Non casi isolati, ma quotidiani di respingimenti, abusi fisici e furti. Il report mette insieme una serie di dati raccolti alle frontiere tra gennaio e fine aprile di quest’anno, denunciando le procedure messe in atto dai vari governi europei per un totale di 10.691 casi individuali di persone respinte. Fra queste oltre 10mila, sono 1.611 quelle che hanno partecipato a interviste approfondite poi pubblicate da PRAB.
Numeri e testimonianze che sono “solo la punta dell’iceberg, poiché la maggior parte dei respingimenti non sono nemmeno documentati” si legge nel rapporto.
Le quotidiane e ripetute violazioni dei diritti umani, oramai note, fanno parte del “trattamento di benvenuto” che l’Europa riserva a coloro che vengono respinti senza poter neanche far domanda di protezione, anche quando appartengono a una nazionalità cui spetterebbe di diritto essere accolta. Ma nessuna nazionalità, sfogliando il rapporto, risulta essere risparmiata dai trattamenti inumani e vessazioni.
“La mancanza di accesso alle procedure di asilo è stata segnalata ai partner del PRAB nel 44% di tutti i casi di respingimento registrati al confine tra Croazia e Bosnia-Erzegovina, così come nell’88% dei casi registrati al confine tra Ungheria e Serbia e nell’85% al confine tra Italia e Francia” – si legge sul sito di Asgi, l’Associazione per gli studi giuridici sull’immigrazione, che fa parte del network PRAB.

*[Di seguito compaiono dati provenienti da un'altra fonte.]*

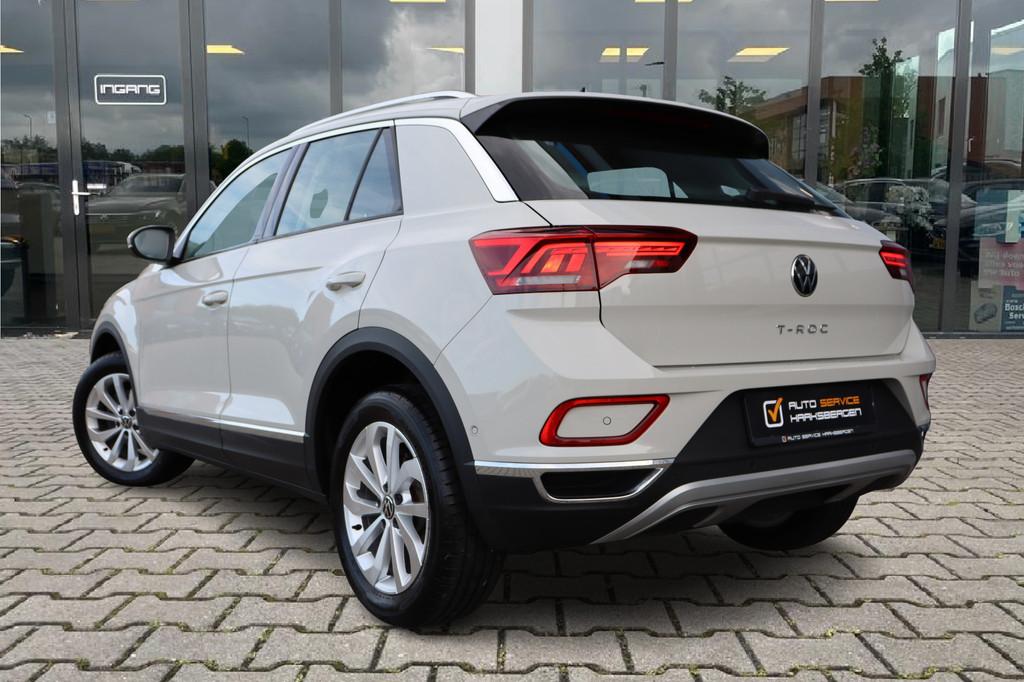 Volkswagen T-Roc 1.5 TSI Style | Camera | ACC | DAB |, 1258 kg, Zwart, 4 cilinders, 150 pk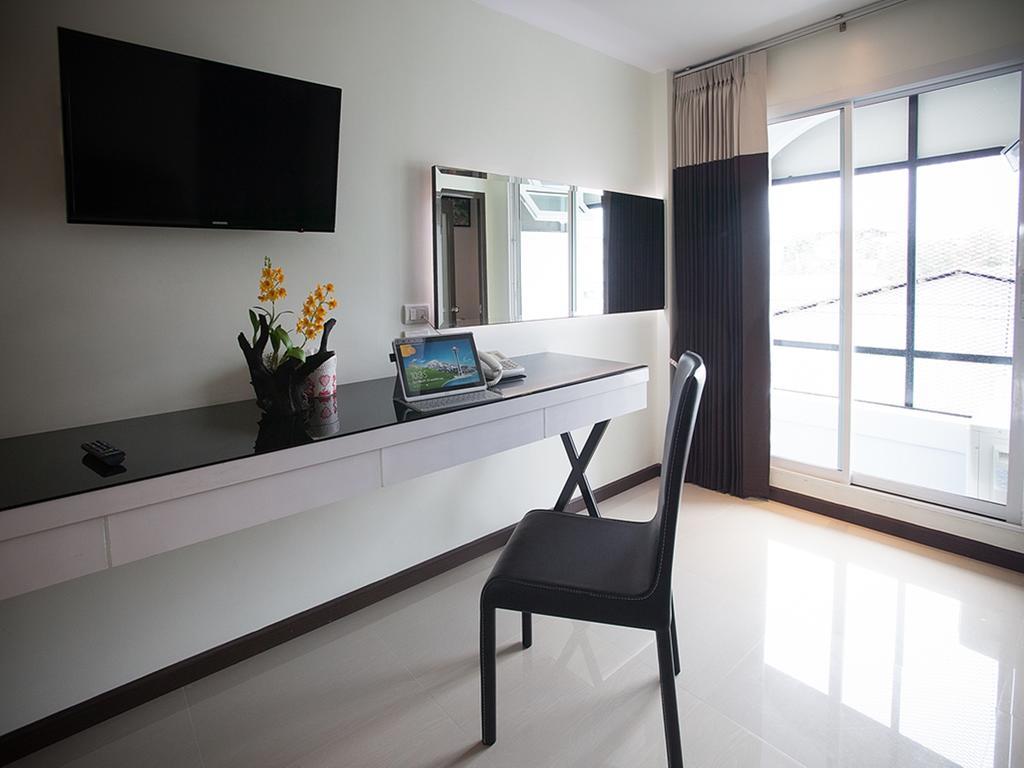 Md Grand Hotel Nakhon Накхонситхаммарат Экстерьер фото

“La percentuale di persone che hanno denunciato abusi fisici e/o aggressioni è altrettanto scioccante e ammonta al 62% al confine tra Ungheria e Serbia, e al 54% al confine tra Grecia e Turchia. Di tutti i respingimenti registrati, il 16% riguardava bambini, di cui il 9% viaggiava con la famiglia e il 7% era costituito da bambini non accompagnati o separati dalla famiglia”, prosegue il comunicato.
PRAB è presente in Bielorussia con Human Constanta; Bosnia-Erzegovina con Danish Refugee Council; Grecia con il Greek Council for Refugees; Italia con Asgi, Diaconia valdese e DRC Italia, sede italiana del Danish Refugee Council; Lituania con Diversity Development Group e Sienos Grupé; Macedonia settentrionale con l’Associazione dei giovani avvocati macedoni; Polonia con Stowarzyszenie Interwencji Prawnej; Serbia con il Centro umanitario per l’integrazione e la tolleranza e Belgio con il DRC Bruxelles.